Tariffs will begin at 25 per cent and “may or may not rise with time”, said the US President, speaking to reporters in the Oval Office.
Canadian PM Justin Trudeau issued a rebuke this afternoon, insisting: “We’re ready with a response – a purposeful, forceful but reasonable, immediate response”.
Trump’s tariffs are designed to encourage both Canada and Mexico to take drastic steps to crack down on irregular immigration and on drug gangs importing fentanyl across the border into America.
Tariffs are also a tool for Trump to rail against America’s trade deficit: the fact that the US imports more goods than it exports.
A steep import tax on goods produced abroad means Americans are much more likely to buy US products instead, boosting the domestic economy. High tariffs also incentivise US companies to move their manufacturing from abroad to American shores. “All you have to do is build your plant in the United States, and you don’t have tariffs,” reasoned Trump, a few weeks before the election.
However, across-the-board tariffs would have some undesirable consequences for Americans too. There is no shortage of economists warning that they would result in US inflation spiking.
While Trump insists that foreign countries pay for tariffs, tariffs are actually paid by the American companies importing goods from abroad.

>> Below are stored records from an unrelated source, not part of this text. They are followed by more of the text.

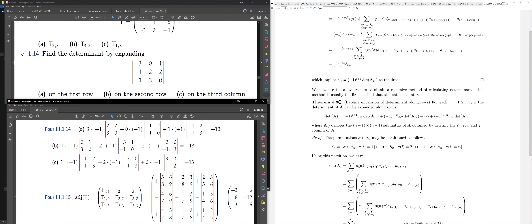We can use cofactors to calculate determinants using cofactor expansion (Laplace expansion). This isn't an efficient method, but it works. You can expand along any row or column. For a 3×3 matrix, expanding along the first row: take each element of row 1, multiply by the determinant of the corresponding 2×2 submatrix and by the appropriate sign.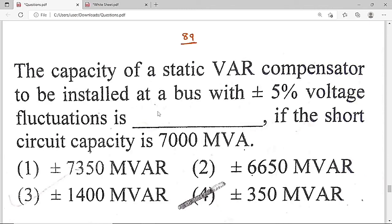Now the 89th question: The capacity of a static VAR compensator (SVC) to be installed at a bus with ±5% voltage fluctuations, if the short circuit capacity is 7000 MVA. Option D — ±350 MVAR — is the correct solution. Let us solve this numerical.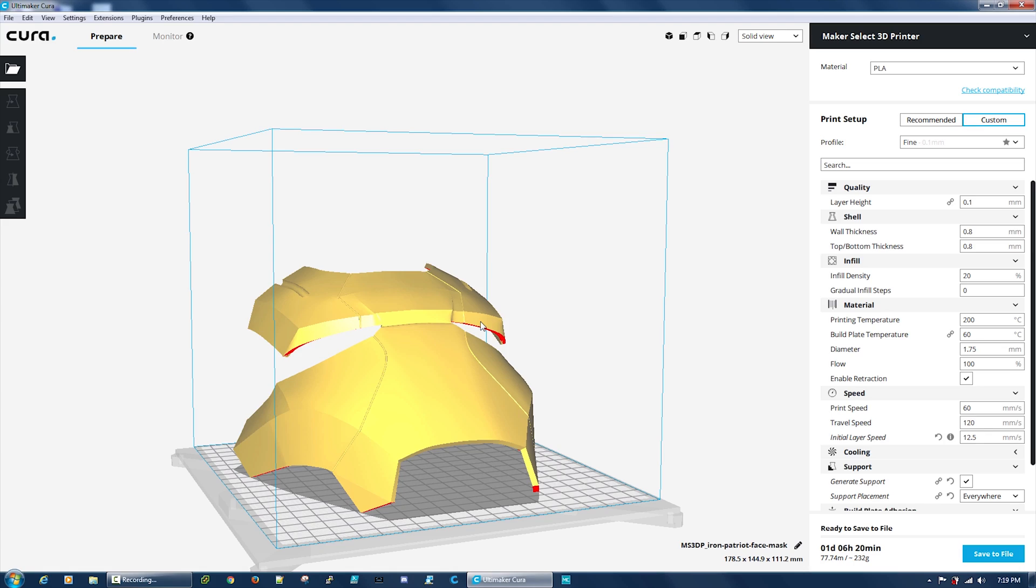I'm building the mask of Iron Man. I'm a huge Iron Man fan. I love the technology. I wish I had the technology myself. The application I'm using to modify these 3D models is Cura.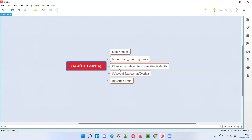Hence, sanity testing is also known as, or also a subset of, regression testing. It's not a full regression testing — it is a subset of regression testing — because we are only going to focus on the functionalities where the minor code changes or bug fixes happened in the stable application. So that's why it's not a full regression testing; we call it a subset of regression testing.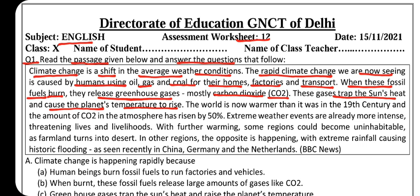These gases trap the sun's heat and cause the planet's temperature to rise — yeh gases sun's heat ke saath trap hote hue jo hamare planet Earth ka temperature hai usko rise karne ka kaaran banti hain. 'Rise' maane badhna. The world is now warmer than it was in the 19th century, and the amount of CO2 in the atmosphere has risen by 50%.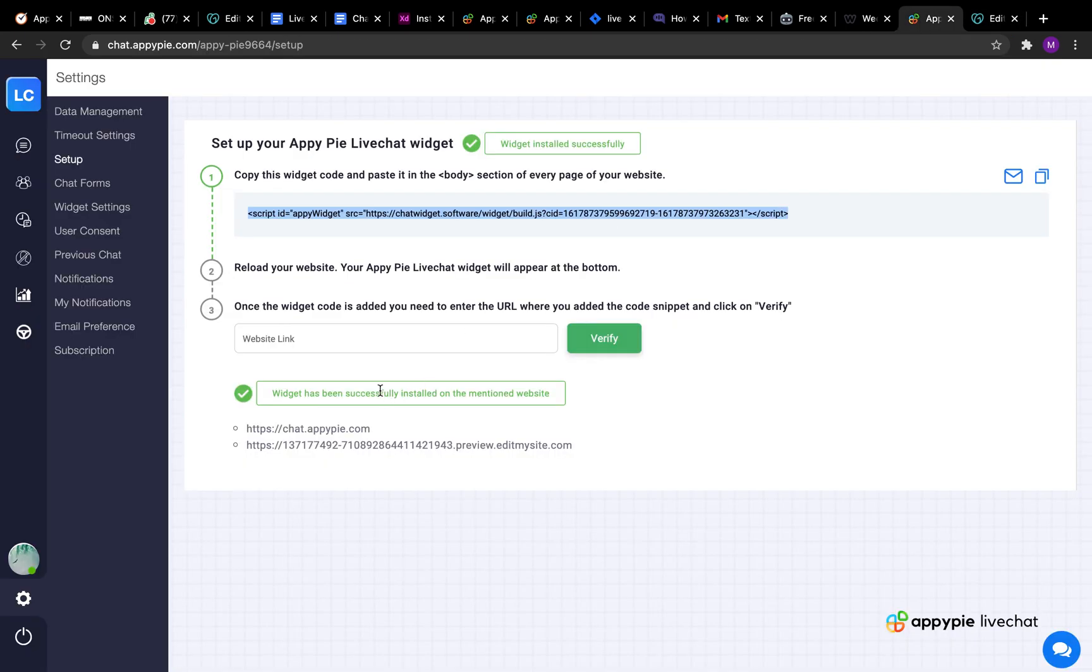Login to your AppyPie's live chat account, go to the setup section and copy the widget code from here.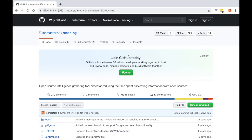Hello everybody. I toyed with the idea of throwing together an article about all the new stuff that's been implemented in recon-ng, but I realized that article would be very long, it would take a long time to read, and about 10 times longer to write. So I decided to do a quick screencast of changes that have taken place to give everybody an idea of what's new and how to use it.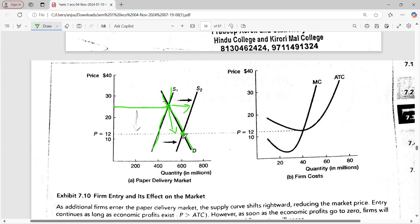The price decreases toward $12. Below $12 it won't go because economic profit will be less. The free entry will continue until the last entrant drives the market price to the minimum of the ATC, which is $12. At this equilibrium, at the minimum of the ATC curve, price equals marginal cost equals average total cost, and at this point there is zero economic profit, so there are no reasons for other firms to enter.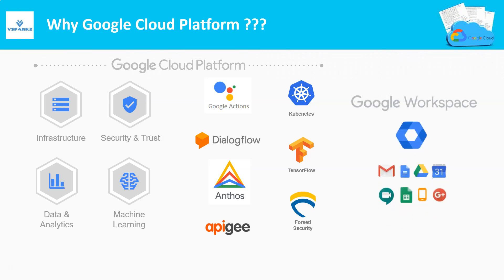Google also offers integration of its enterprise product called Google Workspace, that is formerly called as G Suite, with Google Cloud Platform. Products like Gmail, Drive, Apps, Maps, Google Sheets, Docs, etc. can be leveraged from Google Workspace to Google Cloud Platform.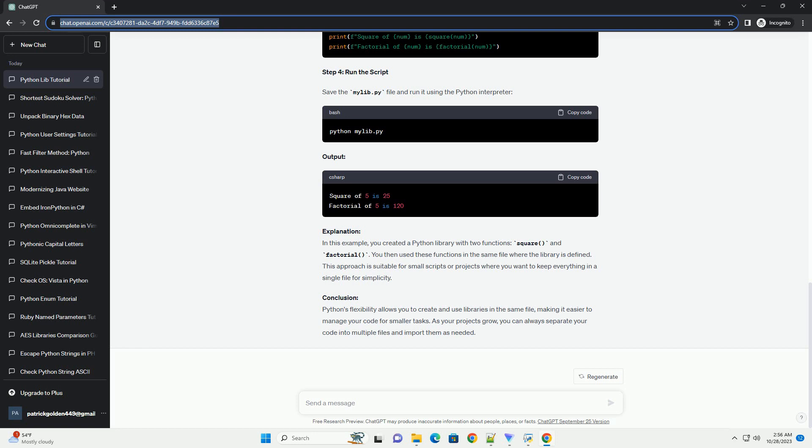Step 3: Use the library in the same file. Now, you can use these functions in the same file where the library is defined. Create another section in mylib.py and call the functions from the library. Step 4: Run the script. Save the mylib.py file and run it using the Python interpreter.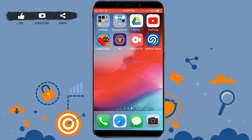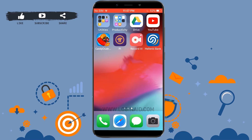To begin the process, first you need to install the application on your device. Go to the app store and download the Hellenic Bank application. Once you install the application, tap open the bank application. Here you can see you are at the home page of Hellenic Bank.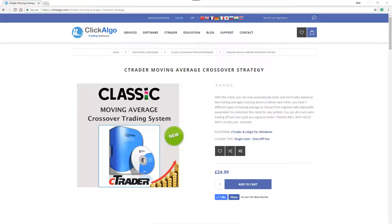Hello there. Today I'm going to tell you about a new product that we've got now. It's the C-Trader Moving Average Crossover Strategy.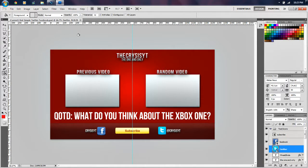Hello ladies and gents, my name is Nick, aka WorldlyCrisisYT, and today I'm going to be teaching you guys how to make a custom outro on YouTube.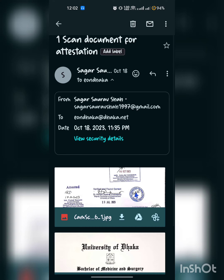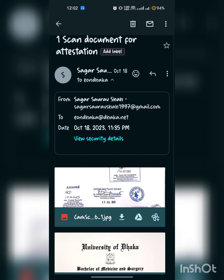Hello guys, today we will learn how to apply for attestation from the Dhaka embassy in Dhaka. First of all, you have to go to Gmail and from your Gmail account you have to send the front and back of any one document that is attested from the education, foreign, and health ministry.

The automotive and steel sectors are just two examples of US industries reliant on supply chains that cross the US borders.
The United Steelworkers, an influential union whose members helped elect Trump across the industrial Midwest, has stressed that around 30,000 steelworkers are employed by oil refineries that use Canadian crude.

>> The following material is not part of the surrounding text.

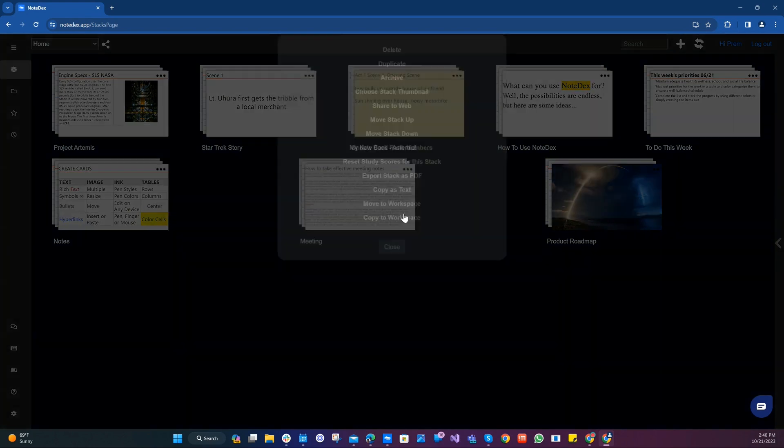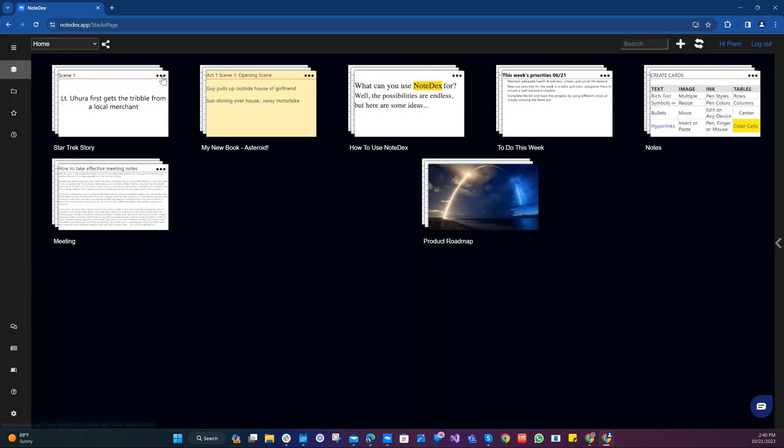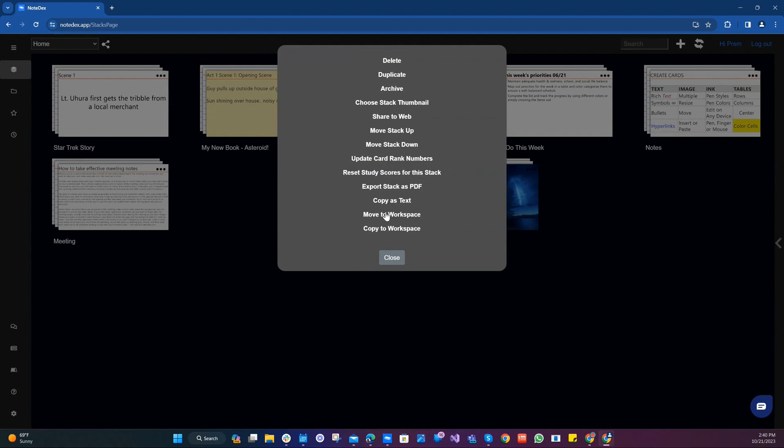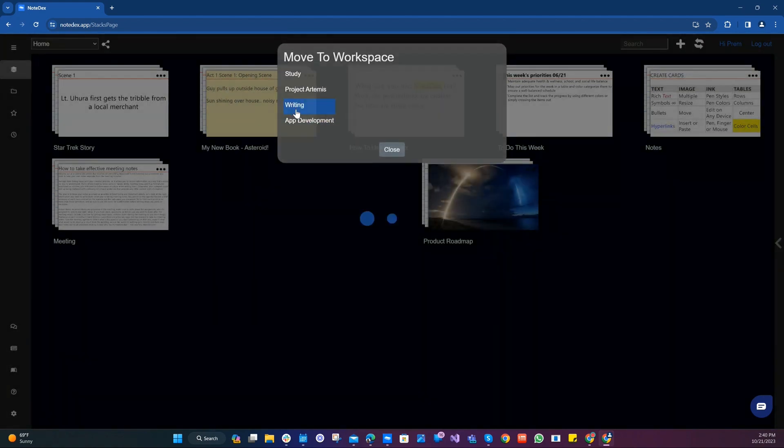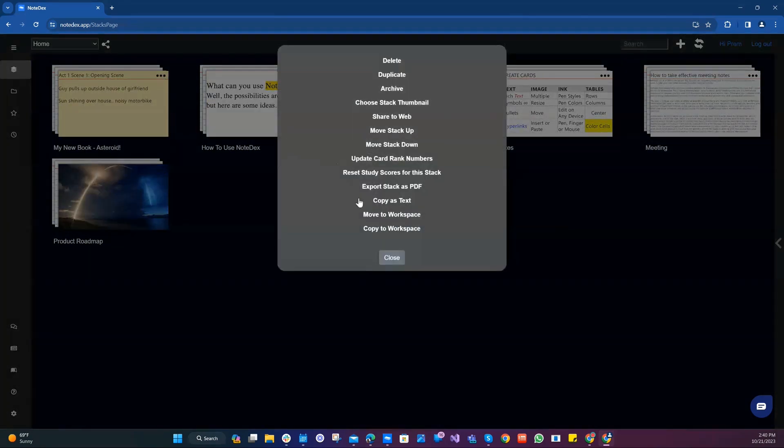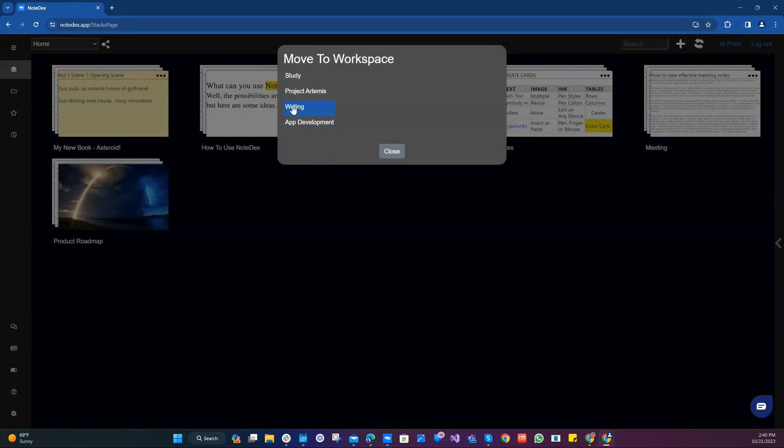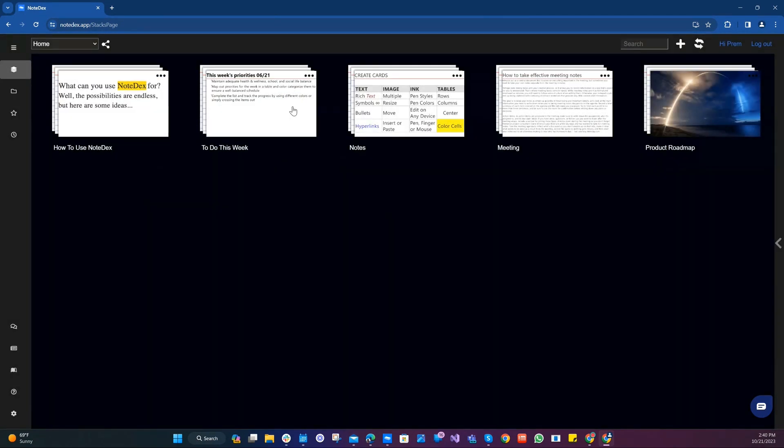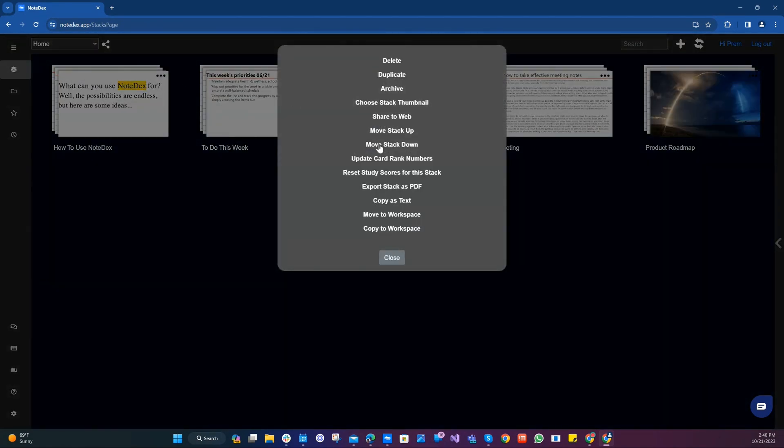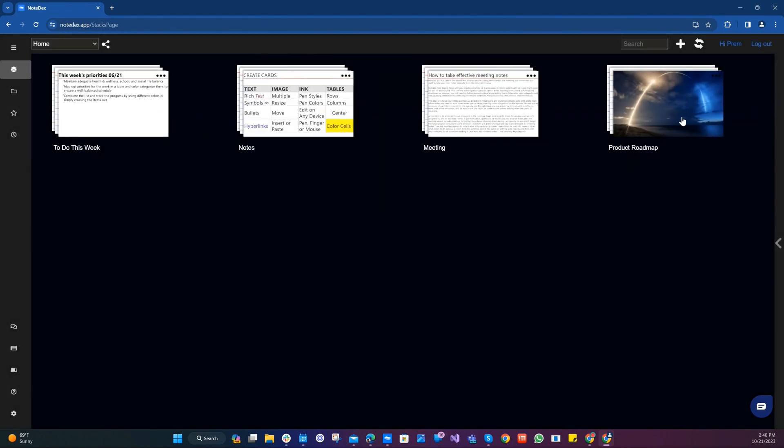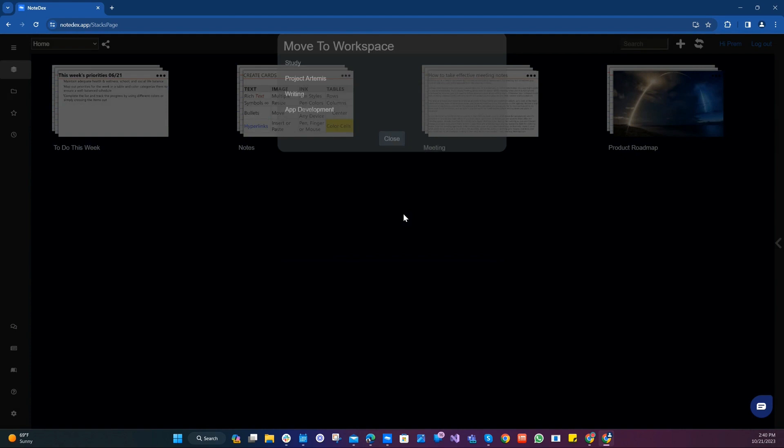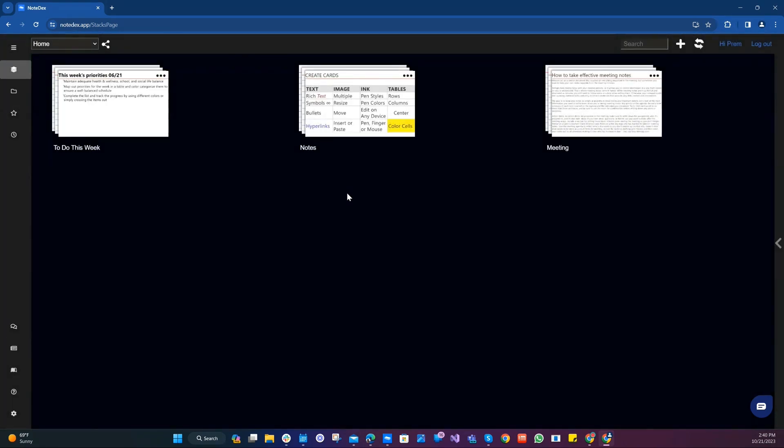I'm going to move this to the project Artemis. These are my story examples, so I'm going to move them to writing. And for the app development, we're going to move a couple of these to app development. Product roadmap, also move that to app development. Now I'm going to leave a couple on my home screen. These are my day-to-day stacks that I'm using and I think I want those on my home screen.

Around 40% of the crude that runs through US oil refineries is imported, the vast majority from Canada. Meaning, for Americans, tariffs on imported energy could increase the price of everything from petrol to groceries.

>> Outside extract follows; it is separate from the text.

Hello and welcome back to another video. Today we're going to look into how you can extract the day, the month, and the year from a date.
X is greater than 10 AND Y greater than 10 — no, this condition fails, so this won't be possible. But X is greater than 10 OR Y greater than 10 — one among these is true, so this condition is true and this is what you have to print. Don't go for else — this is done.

And, while the economic leverage Trump has over Canada and Mexico is considerable, there is still room for the US to be bruised by any retaliatory measures.
Earlier this week, Mexico’s Economy Minister Marcelo Ebrard claimed that the country has been plotting its response during weekly meetings for the past eight months, adding: “I can’t reveal what’s planned, but you can be sure that we have studied it very carefully”.
In 2018, Mexico responded to US tariffs on steel and aluminum with tariffs of its own which targeted American products ranging from steel to pork to bourbon.
So, do we really expect Trump to whack across-the-board 25 per cent tariffs on his northern and southern neighbours tomorrow?
According to the Wall Street Journal, amid ongoing negotiations with Canada and Mexico, President Trump’s advisers are preparing to opt for more targeted measures. While some sort of trade action by Saturday is likely, it may well only affect certain sectors, such as aluminum, with exemptions for products such as oil.
Another possibility is that Trump will press ahead with his bombshell tariff announcement tomorrow but with a grace period before they are actually implemented, allowing negotiations with his two neighbours to continue.
Team Trump has always stressed that tariff threats are above all a negotiating tactic.
Something we’ve already seen evidence of: Trump quickly rescinded his tariff threat against Columbia once his deportations spat with the South American nation was resolved.
Mexican and Canadian officials may take some comfort in the words of Howard Lutnick, Trump’s nominee for Commerce Secretary, earlier this week.
“It’s not a tariff per se … It’s an act of domestic policy,” Lutnick told lawmakers on Wednesday. If Canada and Mexico comply with Trump’s demands to curtail migration and drug smuggling, he added, “there will be no tariffs.”